The bill creates a new class of immigrant called the “Registered Provisional Immigrant.” The bill says “RPIs” can travel outside of the country for up to 180 days a year and they can work. But it is a provisional status, presumably with even less rights than a Legal Permanent Resident status. According to the bill, immigrants cannot begin the process of becoming Legal Permanent Residents, (aka securing a green card) until the Homeland Security secretary submits a notice to Congress and the president that the Comprehensive Southern Border Security Strategy is “substantially deployed and substantially operational,” and that the Secure Fence Strategy is implemented and “substantially completed.”

This could take years. Government officials have been trying to form a coherent border security strategy ever since 9/11 with little success. The past decade is littered with ideas and technologies that were once touted as the latest and greatest only to be later scrapped because they didn’t work and cost taxpayers too much. For instance, the virtual fence project was canceled in 2011 because of cost overruns and technical glitches. The radar sometimes mistook desert brush for border crossers when it was windy. And when it rained, the radar often didn’t work at all. The whole experiment cost taxpayers $1 billion.

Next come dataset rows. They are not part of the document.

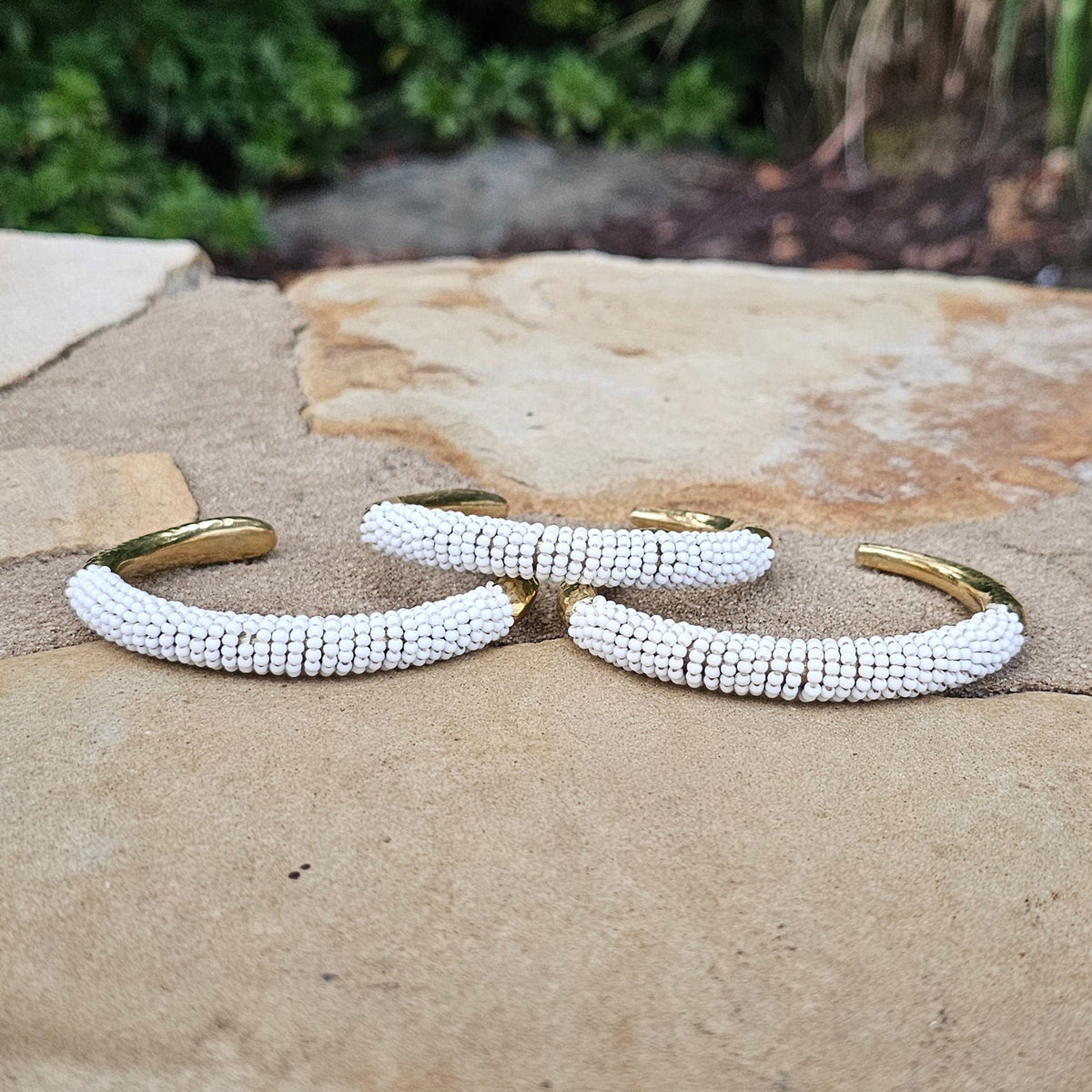 Hammered White Beaded Lion's Tooth Open Brass Bracelet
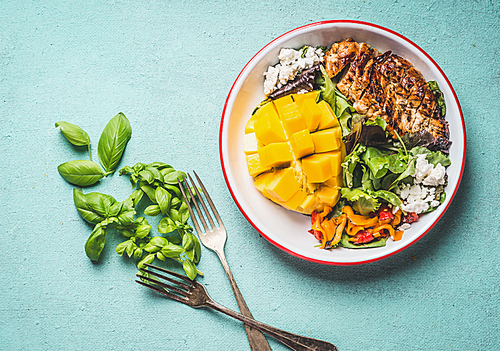 Tasty summer salad with roasted chicken breast and mango in bowl with cutlery on light blue background, top view. Healthy low carb lunch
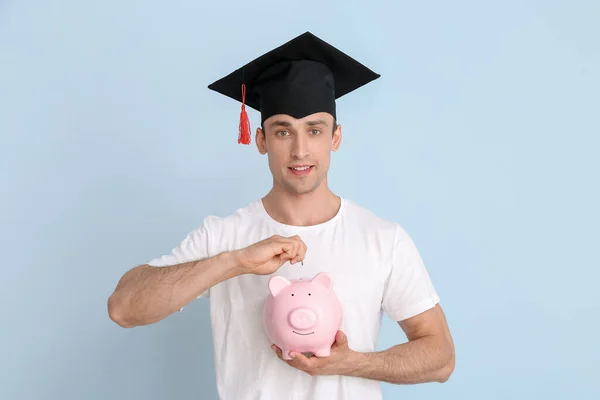 卒業帽子の若い男と光の背景に貯金箱で 授業料概念 — ストック写真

Kathleen Campbell Walker, an El Paso immigration attorney with the law firm Cox Smith, says she was disappointed to see the fence provision in the bill. “A lot of communities—like El Paso where I live—have found the border fence to be a very offensive symbol,” says  “I’m sorry to see the building of a fence used as a prerequisite for immigration reform.”

Rio Grande Valley resident Scott Nicol, chair of the Sierra Club Borderlands Team, has been a steadfast opponent of building more fence, which he sees as environmentally destructive and an ultimately ineffective security tool. “If they’re talking about basing immigrant adjustment on the completion of the wall it’s going to take years because of the condemnations that will have to take place,” says Nicol. “The walls have already been built where it’s easy to condemn properties. They can destroy nature refuges without blinking because they’re on federal lands. But what’s left now is private property and most of it is in Texas.”

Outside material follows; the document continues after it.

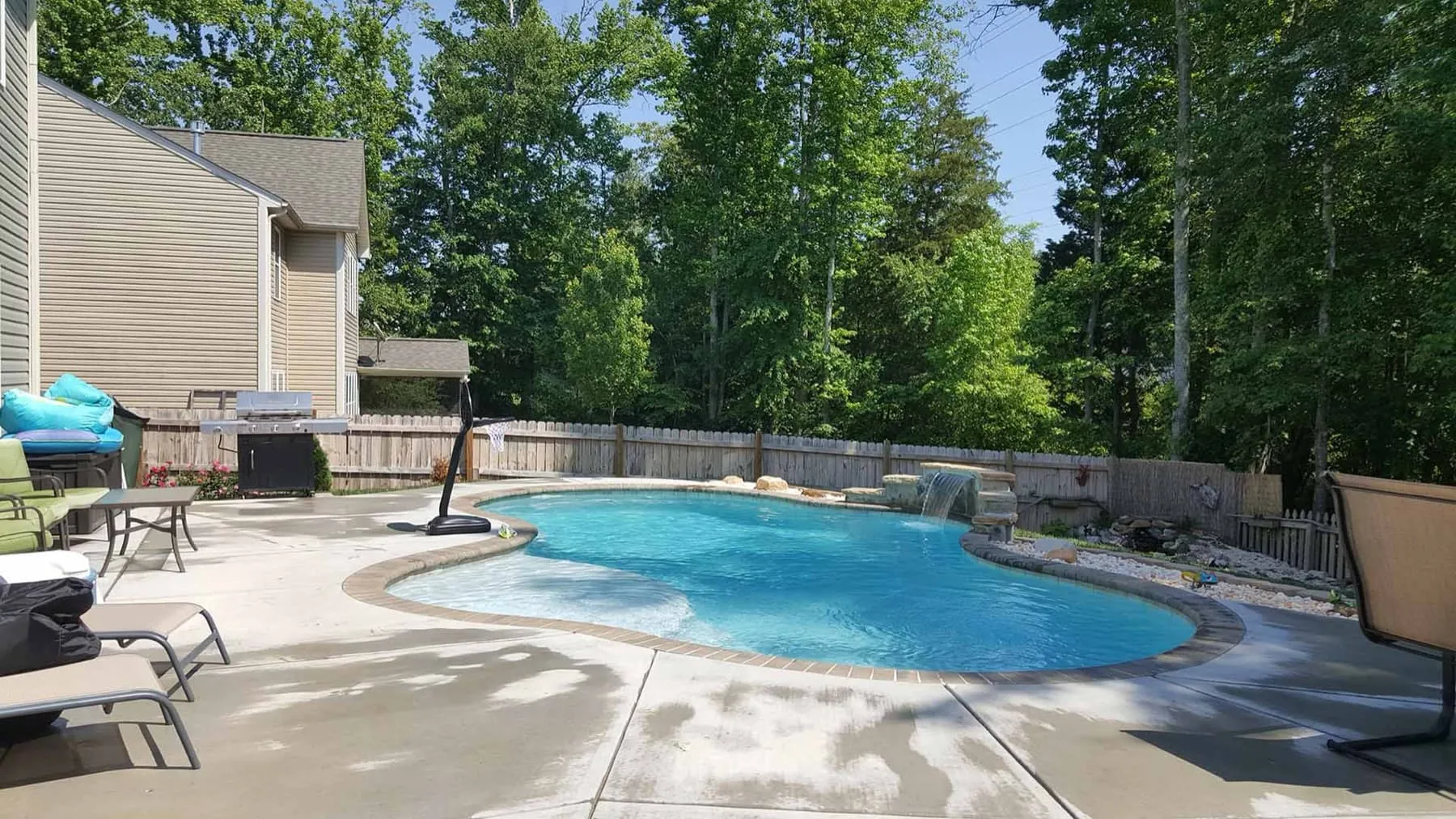 A custom concrete pool built by CPC Pools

Even worse, he says, is that the walls are often ineffective. They clog with debris and flood communities or they fall over in flash floods. People can scale them with relative ease. “When the Gang of Eight was visiting Nogales they watched a woman climb the fence,” says Nicol.

For those already weary from fighting the U.S. government for their land for the past five years, the specter of another round of land condemnations is frightening. “My sense is that the government is plowing ahead on a security plan and the indigenous people in this community are still in the dark,” says Dr. Margo Tamez, daughter of Eloisa Tamez, who are of members of the Lipan Apache tribe.

As we spoke Tuesday, Margo said her mother was in federal court in Brownsville, still fighting to hold onto their property in El Calaboz, a tiny border community outside of Brownsville. The U.S. government is trying to take the land underneath the 18-foot border fence it already built in the middle of her property. They are offering the family $100. “We are subjected to decisions made from far away and not consulted about the things being done to our land,” says Margo, who now works as an assistant professor in Indigenous Studies at the University of British Columbia.

The comprehensive immigration reform bill is a hefty 844 pages. Many border residents are anxious to examine it in greater depth and weigh its impacts on their communities. “I’m still digesting this,” says Campbell Walker of the bill. “It’s going to be controversial and it still has a long way to go before it’s signed by the president.”

Another mind-boggling corruption case out of Hidalgo County was revealed Wednesday, when a 13-count federal indictment was filed against the Department of Homeland Security’s Office of Investigations in McAllen.

 The DHS-OIG is tasked with investigating allegations of fraud and other crimes committed by U.S. Customs and Border Protection agents as well as the Border Patrol. The investigative agency, based in Washington, has thirteen field offices including McAllen.

The McAllen Monitor and Associated Press published the details of the 31-page indictment Wednesday.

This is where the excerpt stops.